Your goal
Only the lines from the one containing "this 1270×952 image." through the end of the listing below are to be reproduced, exactly as they stand.

Exercise data
- - - - - - -

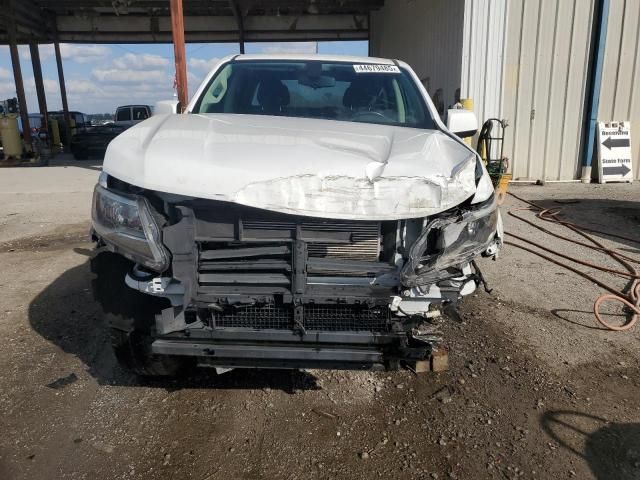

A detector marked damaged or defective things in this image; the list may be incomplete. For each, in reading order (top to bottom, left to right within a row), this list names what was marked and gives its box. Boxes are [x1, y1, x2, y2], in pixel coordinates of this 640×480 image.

crumpled hood [104, 113, 476, 220]
dent in hood [104, 113, 476, 220]
broken body panel [92, 55, 502, 372]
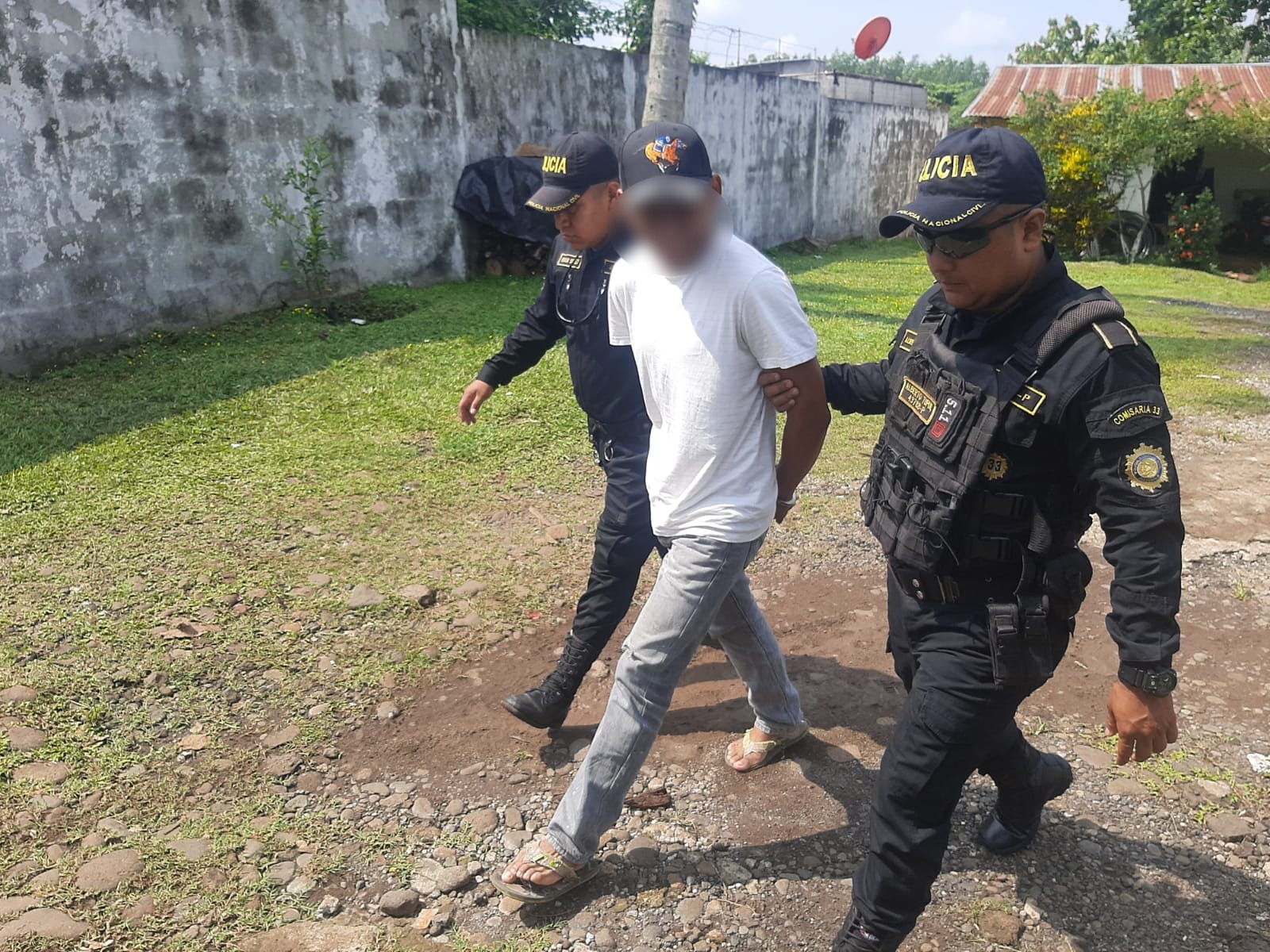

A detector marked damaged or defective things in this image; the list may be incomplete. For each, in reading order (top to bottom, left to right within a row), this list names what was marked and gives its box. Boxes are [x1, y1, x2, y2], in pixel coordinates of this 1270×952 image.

rusty metal roof [960, 63, 1270, 118]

- - - - - - -

Result of the task
A detector marked damaged or defective things in this image; the list may be incomplete. For each, in reading order (top to bottom, left to right within a row), this list names what was marked and gives its box. Boxes are [x1, y1, x2, y2], in pixel coordinates of this 1270×952 image.

rusty metal roof [960, 63, 1270, 118]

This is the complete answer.